Par la présente, j’ai l’honneur de vous informer que conformément à l’article 80 du Règlement de la Chambre des Députés, je souhaiterais poser une question parlementaire à Monsieur le Ministre de la Culture et à Monsieur le Ministre du Logement au sujet du jugement du tribunal administratif concernant le non classement d’immeubles historiques à Diekirch.

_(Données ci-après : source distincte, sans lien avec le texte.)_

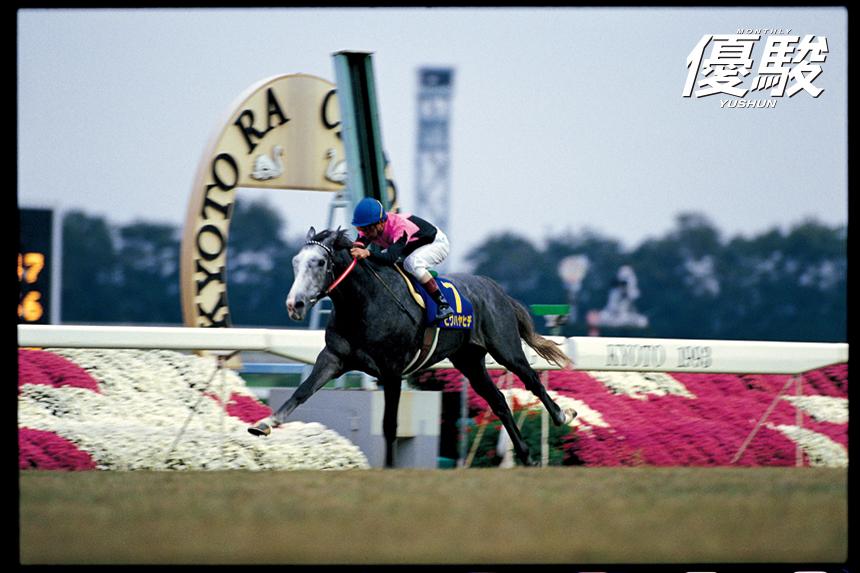 ハードなトレーニングによって 体と心に実が入っていった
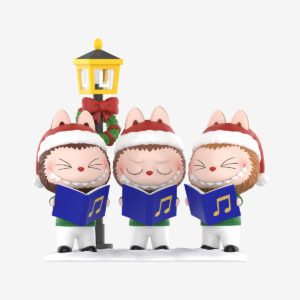 Labubu Christmas Together Carol Singers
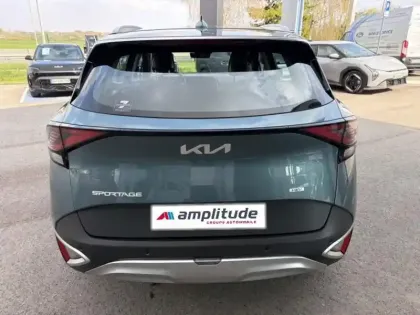 Photo 5 Kia Sportage Gén. V Ph1 Evo Active 5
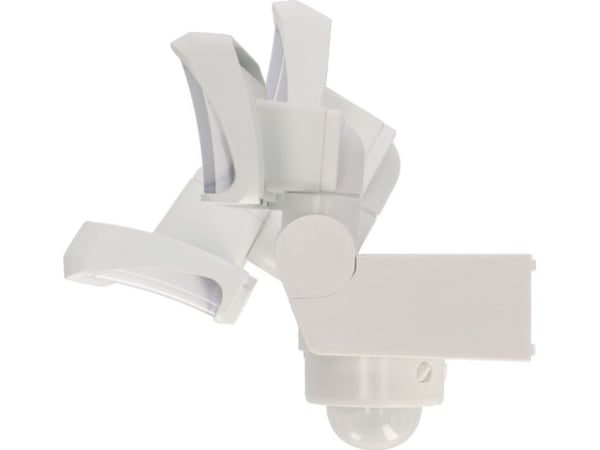 Brennenstuhl WS 2050 WP, Hvit, IP44, Metall, Plast, I, IK07, 20 W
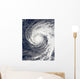 Super Typhoon Podul Wall Decal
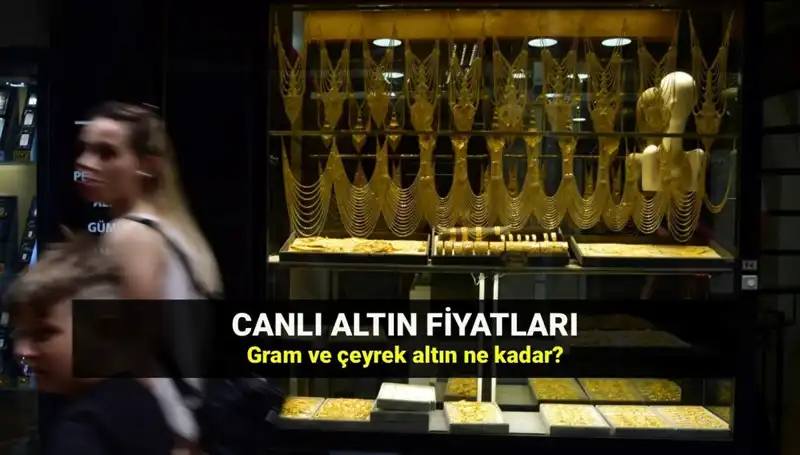 6 Ağustos 2023 Güncel Altın Fiyatları: Gram Altın Ne Kadar?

À Diekirch, cinq immeubles de style « néobaroque » appartenant à la Société Nationale des Habitations à Bon Marché, présentant un caractère « authentique et rare », ont été en raison de « leur intérêt histoire, architectural et esthétique » dignes de protection, suivant un avis de la Commission des Sites et monuments du 5 septembre 2012. Ces cinq immeubles formaient un ensemble architectural cohérent constituant des témoins rares de l’histoire de la construction de logements sociaux d’avant-guerre.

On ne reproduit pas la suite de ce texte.